How Does Your Internet Work?

When you're at home watching YouTube, Netflix, or getting your news from TechBlog, do you ever wonder how the webpage or video you are looking at gets to your computer? Yes, you probably know it's the internet, but what is the internet doing? I will Show you.

First, you have to drop any other basic knowledge of the internet. You need to think of it as a swimming pool or a cloud full of water drops (or another analogy). These water drops are webpages, coded with HTML, PHP, JavaScript, etc.

Next, you need to know what type of internet you have. I will sum up the types of:

Dial-Up –– Very slow, usually not more than 300 kb/s (about 0.3 mb/s). Makes beeping sounds while     connecting. Connects over the ISP's phone number.

DSL –– Not the fastest, but can get up to about 25 mb/s. Connects over telephone wires, like Dial-Up, but connects to the Central Office (a little box usually within a mile of your house that connects to the ISP with fiber cables), not the ISP itself.

Satellite –– Fairly fast download and upload, up to about  20 mb/s. The only downside is the massive ping, or latency. The ping is how long it takes to connect you to a server (in ms). A 'good' ping for online gaming is 50 or below, but a 'playable' ping would be anything below 150. With Satellite, your ping would be 800 on a good day, making gaming difficult or impossible.

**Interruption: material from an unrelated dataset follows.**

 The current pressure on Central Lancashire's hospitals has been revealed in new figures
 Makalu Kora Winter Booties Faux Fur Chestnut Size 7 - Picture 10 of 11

Fiber Optic –– The Superman of the internet types. Fiber Optic runs over, you guessed it, fiber optic cables! You experience downloads speed up to 1000 mb/s (about 1 GB/s) and pings of 10 on a bad day. Google has created a program to give Fiber Optic internet to everyone. It's called Google Fiber. They have currently helped 3 cities, but are planning for many more, including Phoenix and Atlanta.

Internet in the U.S is a terrible failure. Over in some parts of Europe, they get 2 GB/s internet service. The U.S has fallen back in terms of the internet and needs to catch back up to the worldwide internet necessities. Mayors all want their city to be the next on Google Fiber's list, but the truth is, it probably won't be. The U.S needs to make its own Google Fiber, and provide it to everyone. Not the 'just people who pay $1000' everyone, but the 'everyone' everyone.